الحلقة ٢: كنگولها حنا ماشي دولة عربية

Episode 2: “I’ll Say It: We Are Not an Arab Country”

I awoke one morning in March 2016 to find a firestorm in the Moroccan press and social media about comments on Moroccan identity made by Samira Sitail.9 She was the Information Director for 2M, Morocco’s quasi-public second television station located in Casablanca, and a vocal opponent of the current government, headed by a self-proclaimed pro-monarchy Muslim political party. She had been invited to appear on a video-recorded Radio Aswat live radio interview with well-known host Rachid al-Idrissi on International Women’s Day. 2M, and Samira as one of the channel directors, had been attacked in previous months for programming practices, such as promoting Moroccan Arabic-dubbed foreign dramatic serials, which critics claimed were part of a campaign to distract and deaden the intellectual life of Moroccans. She had also publicly supported the Amazigh movement’s demands for greater government recognition and presence of the indigenous languages and customs in parliament, public media, and law. These and other comments had drawn the attention of public intellectuals concerned about what they viewed as attacks on Morocco’s Arab and Islamic identity.

Samira was a controversial figure among some of my Fassi interlocutors, though most knew little about her professional history. They knew her as a director of 2M and a key Moroccan media producer for three decades.
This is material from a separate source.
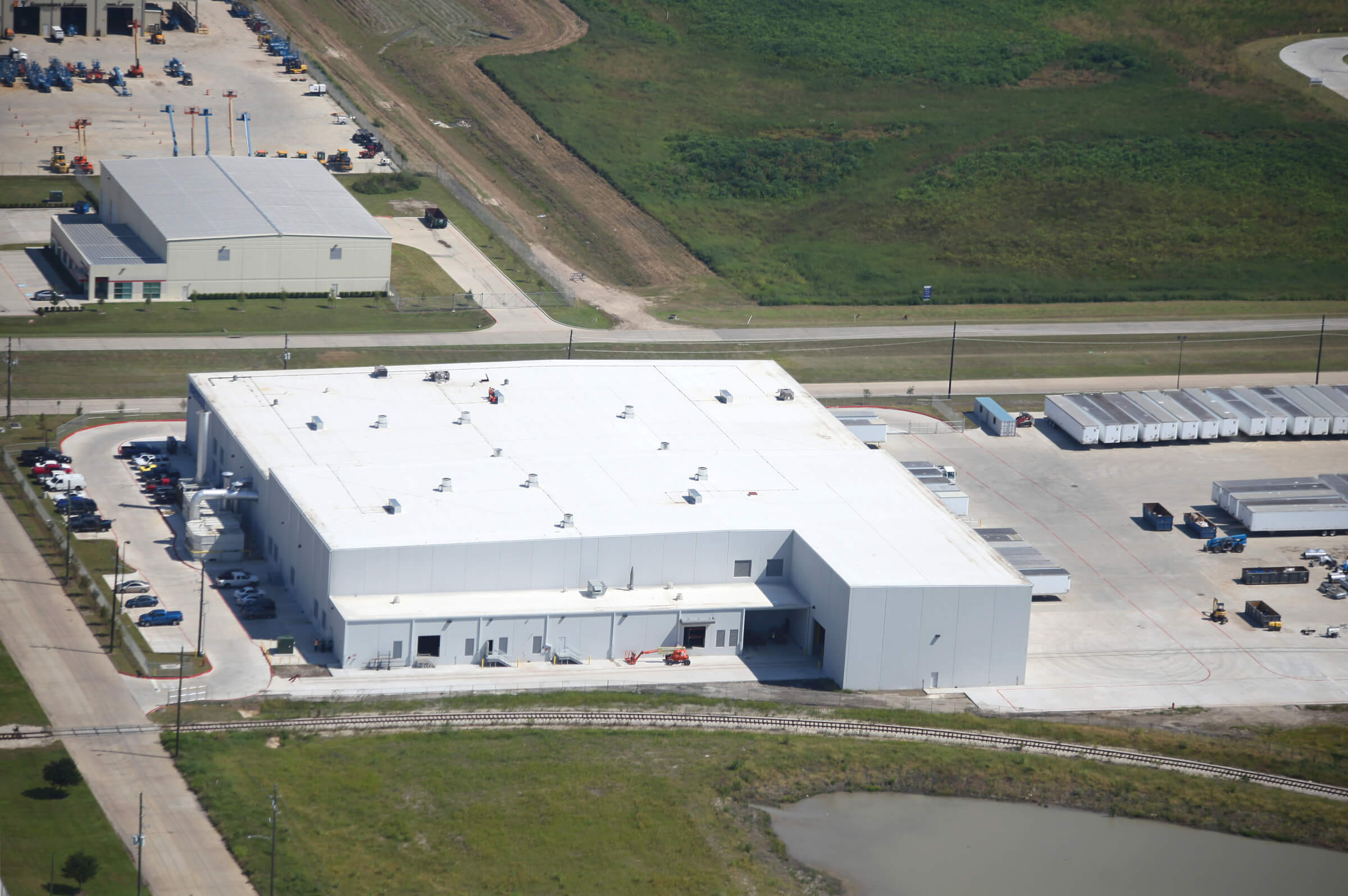 Schutz Container Systems | Steel Drum Plant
She was born and educated in France to Moroccan parents, returning in the late 1980s to Morocco when offered a journalism position at the Moroccan National Radio and Television Company, RTM. At the time, Morocco only had one television station. She moved to 2M when the state took over majority share in the struggling private cable venture in 1996. Throughout the 2000s, she was vocal in her opposition to what she viewed as troubling “Islamist government policies” that she saw as a threat to Moroccan media and universal human rights efforts. While serving as 2M’s news director, Prime Minister Abdelilah Benkirane accused Samira of actively erasing mentions of him from broadcasts as a protest against his government’s policies and political orientations. 10

One of the popular innovations of Moroccan radio stations around 2012 was to post video recordings of radio interviews on YouTube, extending their audience access and medium durability. Invited guests and the interviewers sat with headphones and large recording microphones around a table in a radio sound booth. Video cameras from different angles captured the “unscripted” interview as it aired on the radio. Viewers could see the facial expressions, gestures, and bodily comportment of the interviewer and interviewee once links to clips of this interview were embedded in online news articles, circulated through Facebook links, and posted on Whatsapp group messaging. 11

Samira Satail was asked to respond to critics of 2M’s programming choices, especially the channel’s investment in Moroccan Arabic (الدريجة [darīja])12 dubbed Turkish, Mexican, and Indian dramatic serials. Despite constitutional assertions of formal Arabic (الفصحى [fuṣḥā])13 as the language of the state, television and radio broadcasts had long been a mix of fuṣḥā for news and darīja in entertainment and talk shows (Ennaji 1995; C. Miller 2012; Zaid 2013). In the 1990s, Moroccan television produced plays and serials in darīja, purchased Mexican television serials dubbed into fuṣḥā from other Arab countries, Japanese anime cartoons dubbed into fuṣḥā, and Bollywood movies with fuṣḥā subtitling, and broadcast Egyptian dramas in Egyptian Arabics.14 By the mid-2000s, state channels had added Lebanese-dubbed Turkish melodramas, and by 2009, they began producing darīja-dubbed dramatic serials they had purchased from Brazil, Mexico, Turkey, and India. As mentioned previously, some Moroccans (called the conservative Arab nationalist or Islamist discourse pole) had published criticisms of this programming trend, while others (a progressive wing) both celebrated Moroccan Arabic dubbing as a mark of cultural diversity and bemoaned the problem of poor cultural production (C. Miller 2012, 171–72).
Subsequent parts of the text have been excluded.